You may wonder if biweekly pay schedules are appropriate for both hourly and salaried employees. Most payroll and HR experts would agree that biweekly pay is a great choice for salaried employees. Opinions may differ on whether biweekly is suitable for hourly employees.
Some experts argue that weekly pay schedules help hourly employees better track how much overtime they worked in a week. These experts might also say that weekly pay is better for low-wage employees, as low wages paid biweekly can prove burdensome to one’s cash flow. With weekly access to cash, low-wage employees may have an easier time paying bills and thus avoid harsh late-payment penalties.
However, other experts would say that biweekly pay schedules should still be your go-to for your hourly employees because it’s easier for your business to track.
How do you calculate biweekly pay for hourly and salaried employees?
Biweekly pay calculations are typically easy for both hourly and salaried employees. Even if they were difficult, your payroll software would automate them for you. Follow these steps to calculate biweekly pay for hourly employees:
- Pull the employee’s total hours worked during the biweekly pay period from your timesheets or timeclock.
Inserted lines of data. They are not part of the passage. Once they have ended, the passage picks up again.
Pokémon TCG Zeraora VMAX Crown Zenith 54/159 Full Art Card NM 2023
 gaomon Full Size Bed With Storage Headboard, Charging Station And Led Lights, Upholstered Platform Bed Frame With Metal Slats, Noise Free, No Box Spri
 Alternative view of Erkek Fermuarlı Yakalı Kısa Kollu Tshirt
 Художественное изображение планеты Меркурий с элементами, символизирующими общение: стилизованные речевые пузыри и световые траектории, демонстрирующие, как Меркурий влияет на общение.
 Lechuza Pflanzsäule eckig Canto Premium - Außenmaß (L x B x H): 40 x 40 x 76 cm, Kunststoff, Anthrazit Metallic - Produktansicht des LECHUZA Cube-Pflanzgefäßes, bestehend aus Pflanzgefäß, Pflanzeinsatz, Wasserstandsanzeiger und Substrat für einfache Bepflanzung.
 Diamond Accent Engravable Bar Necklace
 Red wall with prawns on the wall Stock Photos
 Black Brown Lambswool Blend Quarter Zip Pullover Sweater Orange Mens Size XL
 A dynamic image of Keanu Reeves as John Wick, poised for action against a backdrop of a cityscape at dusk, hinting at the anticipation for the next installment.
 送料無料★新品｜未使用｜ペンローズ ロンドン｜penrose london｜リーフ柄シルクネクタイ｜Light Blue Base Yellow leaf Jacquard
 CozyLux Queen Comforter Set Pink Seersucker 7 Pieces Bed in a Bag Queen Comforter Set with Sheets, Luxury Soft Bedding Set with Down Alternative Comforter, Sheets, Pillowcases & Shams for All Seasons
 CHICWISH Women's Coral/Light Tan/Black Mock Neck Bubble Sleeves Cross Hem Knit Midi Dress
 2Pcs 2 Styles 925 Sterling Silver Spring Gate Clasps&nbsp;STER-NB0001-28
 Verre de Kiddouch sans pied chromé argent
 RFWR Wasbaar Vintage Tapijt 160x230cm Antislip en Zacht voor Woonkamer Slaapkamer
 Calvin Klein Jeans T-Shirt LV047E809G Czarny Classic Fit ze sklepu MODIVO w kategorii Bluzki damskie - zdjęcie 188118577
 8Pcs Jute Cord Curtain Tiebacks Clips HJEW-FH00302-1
- Make sure to incorporate any paid vacation hours or other paid time off.
- Add this time to your employee’s hours worked during the pay period.
- Multiply this sum by the employee’s hourly wage.
- The result is your employee’s gross wages for the period. Make sure to deduct any withholdings to arrive at the employee’s net wages. This number is what you’ll ultimately pay the employee.
How do you calculate biweekly pay for salaried employees?
Follow these three steps to calculate biweekly pay for salaried employees:
- Check your payroll software to confirm the employee’s salary.
- Since there are 26 biweekly pay periods in a year, divide this salary by 26.
- The result is the employee’s gross wages for this paycheck. After deductions, you’ll be left with net pay, which is what you actually pay.
Tip: Visit our reviews of the best payroll software to learn more about how payroll software can streamline your biweekly pay calculations. You can also learn about one of the best services in our ADP payroll review.
Which industries and business sizes use which pay schedules?
The U.S. Bureau of Labor Statistics (BLS) found that, as of February 2020, 43% of businesses paid their employees biweekly. This figure makes biweekly pay the most popular option across all industries.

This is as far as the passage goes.